Generic Name: naloxone (nasal) (na LOX one)
Brand Name: Narcan
Medically reviewed on September 12, 2017.
What is naloxone nasal?
Naloxone blocks or reverses the effects of opioid medication, including extreme drowsiness, slowed breathing, or loss of consciousness. An opioid is sometimes called a narcotic.
Naloxone nasal (for use in the nose) is used to treat a narcotic overdose in an emergency situation. This medicine should not be used in place of emergency medical care for an overdose.
Naloxone nasal is also used to help diagnose whether a person has used an overdose of an opioid.
Naloxone nasal may also be used for purposes not listed in this medication guide.
In an emergency situation it may not be possible to tell your caregivers about your health conditions. Make sure any doctor caring for you afterward knows you have received this medicine.
Before taking this medicine
You should not be treated with naloxone if you are allergic to it.
If possible before you receive naloxone, tell your doctor if you have heart disease.
It is not known whether this medicine will harm an unborn baby. Tell your doctor if you are pregnant.
It is not known whether naloxone nasal passes into breast milk or if it could harm a nursing baby. Tell your doctor if you are breast-feeding a baby.
In an emergency situation it may not be possible to tell your caregivers if you are pregnant or breast-feeding. Make sure any doctor caring for your pregnancy or your baby knows you have received this medicine.
How should I use naloxone nasal?
Follow all directions on your prescription label. Do not use this medicine in larger or smaller amounts or for longer than recommended.
This medicine may be given by a healthcare provider, emergency medical provider, or a family member or caregiver who is trained to properly give naloxone nasal.
Naloxone nasal should be sprayed into the nose while the person is lying on his or her back.
If you are a caregiver or family member giving naloxone nasal to another person, read all instructions when you first get this medicine. Read all caregiver information, medication guides, and instruction sheets provided with this medicine. Ask your doctor or pharmacist if you have any questions.

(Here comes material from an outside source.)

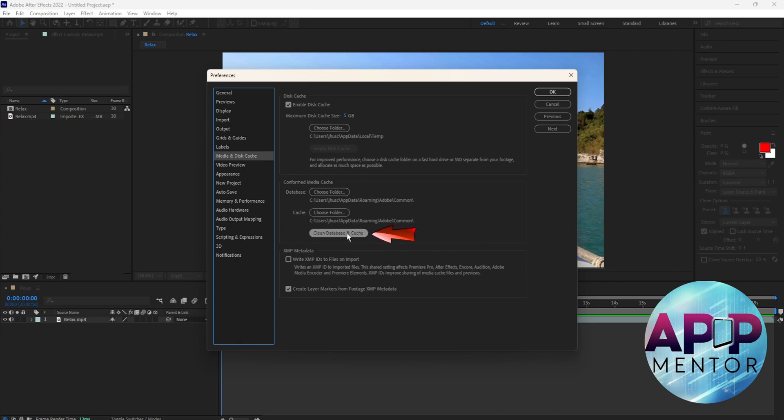Then come down to Clean Database and Cache right here. Click that. Press OK once done.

Be sure you know how to recognize the signs of an opioid overdose in the person you are caring for. Overdose symptoms may include:
slowed breathing, or no breathing;
very small or pinpoint pupils in the eyes;
slow heartbeats; or
extreme drowsiness, especially if you are unable to wake the person from sleep.

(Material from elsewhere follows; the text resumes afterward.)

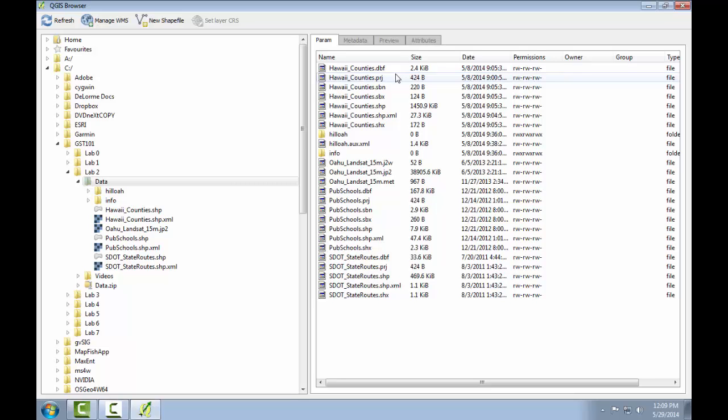In task three, you'll be introduced to the QGIS desktop application. You'll learn the basic layout and how to use it to view both vector and raster data.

Even if you are not sure an opioid overdose has occurred, if the person is not breathing or is unresponsive, give naloxone nasal right away and then seek emergency medical care.
Do not assume that an overdose episode has ended if symptoms improve. You must get emergency help after giving naloxone nasal. You may need to perform CPR (cardiopulmonary resuscitation) on the person while you are waiting for emergency help to arrive.

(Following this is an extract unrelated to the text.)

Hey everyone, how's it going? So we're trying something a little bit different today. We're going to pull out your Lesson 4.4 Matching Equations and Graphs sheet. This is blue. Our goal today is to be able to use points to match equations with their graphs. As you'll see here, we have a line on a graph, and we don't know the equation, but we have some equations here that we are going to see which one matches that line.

After giving this medicine, stay with the person and watch for continued signs of overdose. You may need to give another dose every 2 to 3 minutes until emergency help arrives. Follow all medication instructions carefully.
Each single-use spray pump contains enough naloxone nasal for one use only. Throw away after one use, even if there is still some medicine left in the pump after using a dose.
Store at room temperature away from moisture and heat. Keep each spray pump in the box until you are ready to give a dose. Do not use this medicine if the expiration date on the label has passed.
What happens if I miss a dose?
Because you will receive naloxone in an emergency situation, you are not likely to miss a dose.
What happens if I overdose?
Since each spray pump contains only enough naloxone nasal for one dose, an overdose is unlikely to occur.
What should I avoid while taking naloxone nasal?
Avoid leaving a person alone after giving him or her a dose of naloxone nasal. An overdose can impair a person's thinking or reactions.
Naloxone nasal side effects
Get emergency medical help if you have signs of an allergic reaction: hives; difficult breathing; swelling of your face, lips, tongue, or throat.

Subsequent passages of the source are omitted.